DIRECTIONS >>
The entries below contain a line with "Gebraucht VW Golf" and a line with "Andhra Pradesh CM". Quote exactly those two lines and all lines between them.
══ INPUT RECORDS ══
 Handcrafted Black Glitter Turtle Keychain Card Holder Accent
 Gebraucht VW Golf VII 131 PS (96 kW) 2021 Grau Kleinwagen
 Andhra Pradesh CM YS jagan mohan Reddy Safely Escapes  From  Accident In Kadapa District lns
═══
══ INPUT RECORDS ══
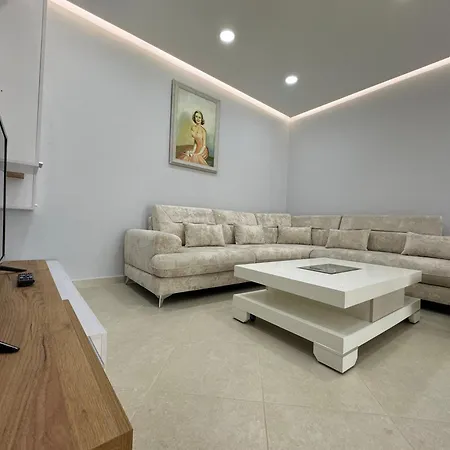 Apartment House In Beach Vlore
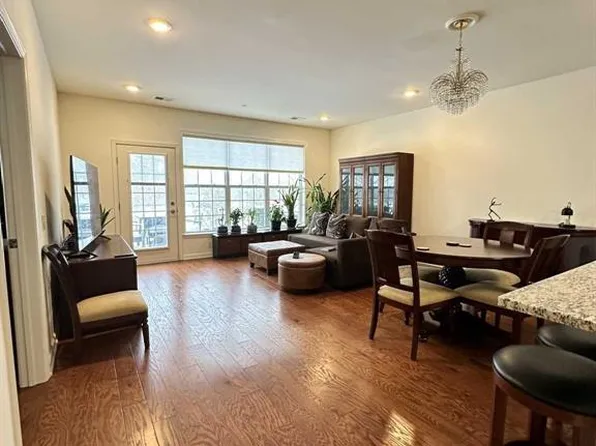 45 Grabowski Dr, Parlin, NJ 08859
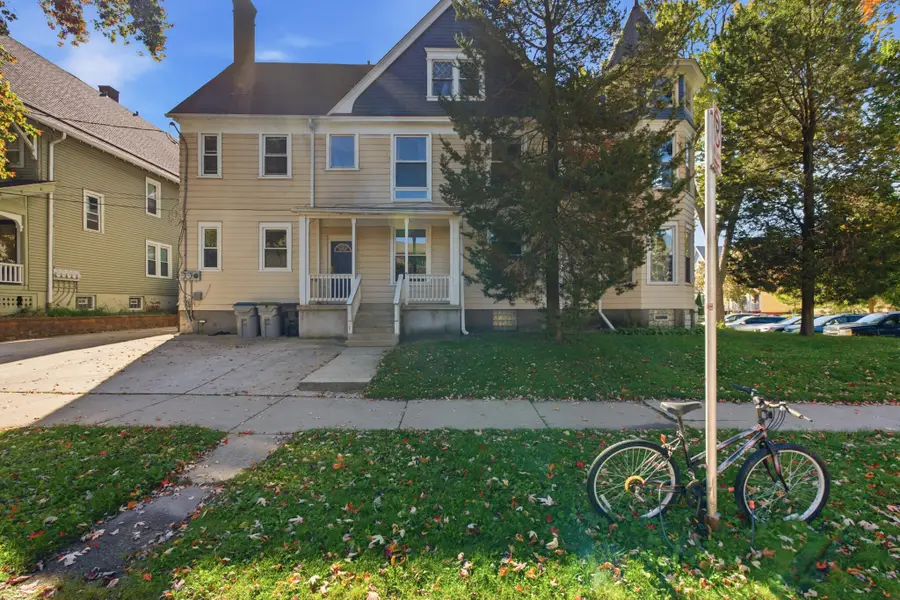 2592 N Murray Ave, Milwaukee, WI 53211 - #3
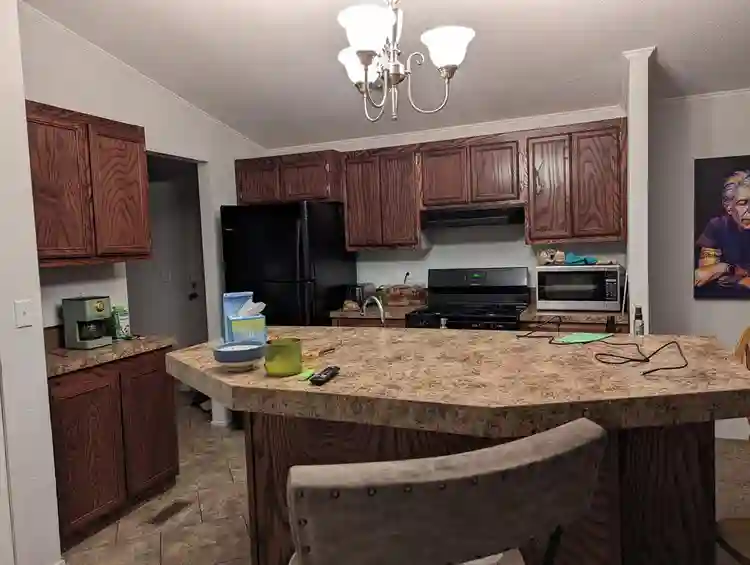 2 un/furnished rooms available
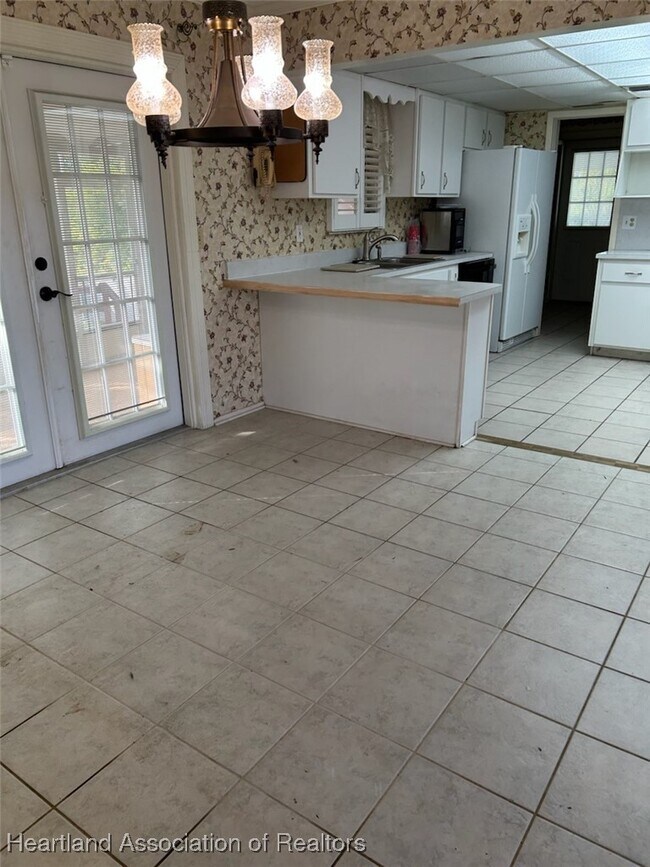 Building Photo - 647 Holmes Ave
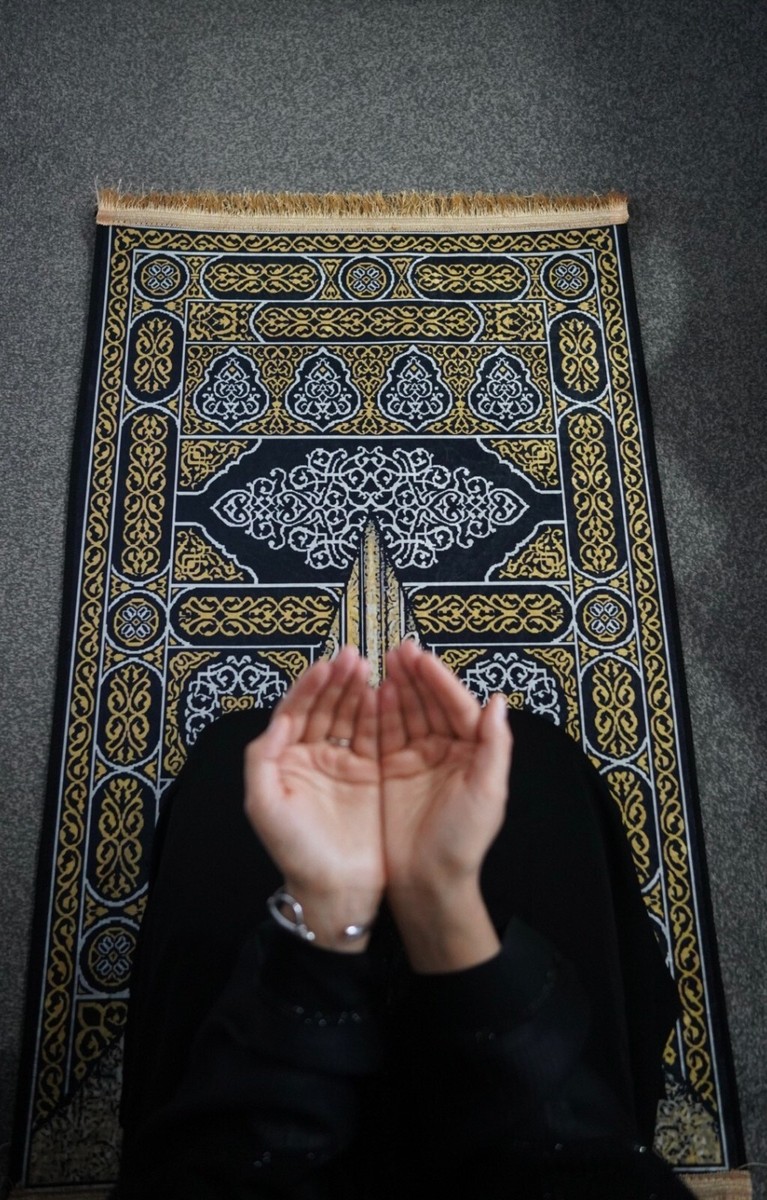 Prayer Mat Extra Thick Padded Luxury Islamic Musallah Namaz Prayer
═══
SOLUTION >>
 Gebraucht VW Golf VII 131 PS (96 kW) 2021 Grau Kleinwagen
 Andhra Pradesh CM YS jagan mohan Reddy Safely Escapes  From  Accident In Kadapa District lns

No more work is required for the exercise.